The service writer has kept me appraised of the progress with a call each afternoon around 4PM (quitting time for the tech?) except for the day I stopped in. Today's update was that a VoA rep was there looking at it and he mentioned some type of a brand new service advisory or TSB (I asked for the number and a copy of it) that references a leak in this very location and a specific procedure to follow to fix it. We'll see.
So far the idea hs been to use some seam sealer between the inside of the roof skin and the mating surface of the mental flange but the quarters are too close to get the seam sealer caulking gun up in there I'm told.
Supposedly this brand new bulletin has specific instructions on what to do so that is their next move. I'll be stopping in to visit in person again tomorrow to have a chat with the service manager and see what the plans are.
There were several TSB's that needed to get done (should be about a half days work I was told) and apparently those are getting done as the seam sealer dries. 
I feel like I have had a good experience so far.
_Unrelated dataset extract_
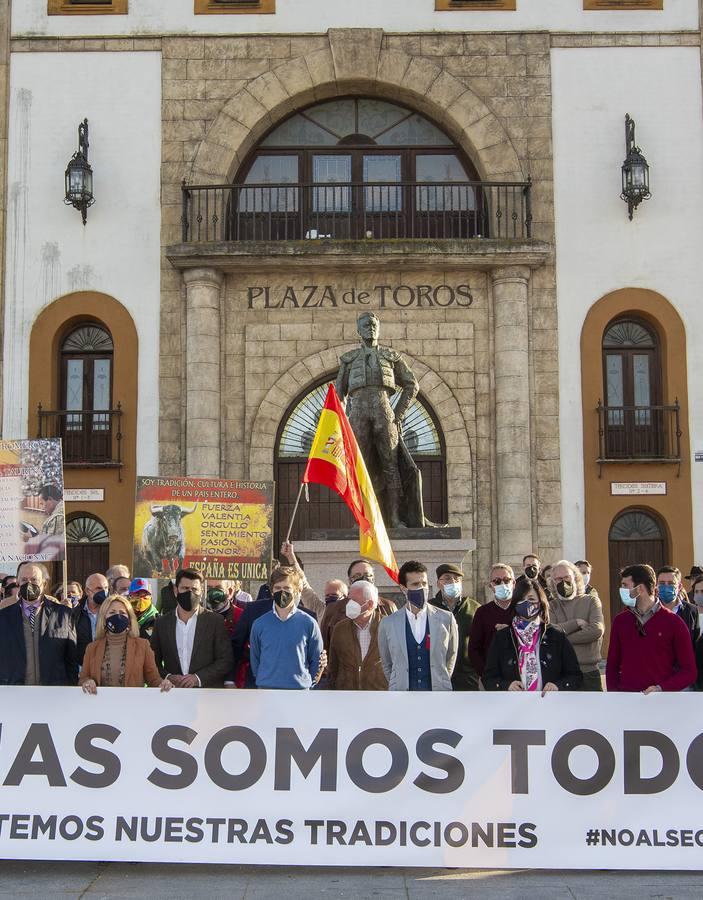 Protesta en Espartinas en defensa de la tauromaquia, en imágenes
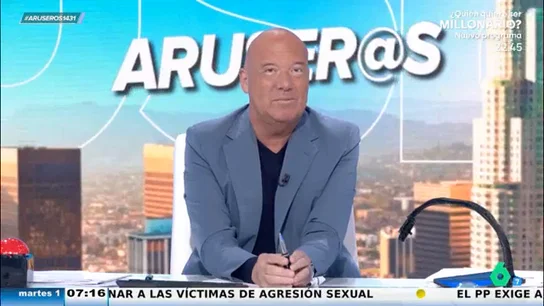 Si volvieras a nacer y pudieras elegir, ¿preferirías ser guapo o listo? El juego viral llega a Aruser@s Si volvieras a nacer y pudieras elegir, ¿preferirías ser guapo o listo? El juego viral llega a Aruser@s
They appear to be attempting to making a good effort to communicate with me and get the thing fixed. I have had a loaner Jetta from the start, no questions asked (although today the airbag warning light came on so I had to stop by and get a different loaner). 
One irrataing thing though is that twice now I have had to ask them to put the car INSIDE the shop overnight. We have been having monsoon like rain storms almost daily and you would think that a car that is in because of a leak in the sunroof would be automatically left inside somewhere, but no








I'll post an update when I have more news.
Happy Friday everyone!


_Modified by DicknNancy at 11:35 PM 9-28-2007_


----------



## DicknNancy (Nov 6, 2004)

*Re: (DicknNancy)*

After a week in the shop it appears as though the roof leak has finally been solved. VW issued a TSB in April (TSB 2014044) that referenced the same thing the tech found on our car.
I have posted a link to the TSB here
http://www.precisionframe.com/...4.pdf
They also got the campaign items done during the week and there were no issues there.
I did have to bring the car back on Monday because the seatbelts were not retracting properly into the pillars. The tech took care of it within 30 minutes and I was on my way.
Other than the whole thing taking so long, this latest visit to Schmelz Countryside VW was overall a good experience.


----------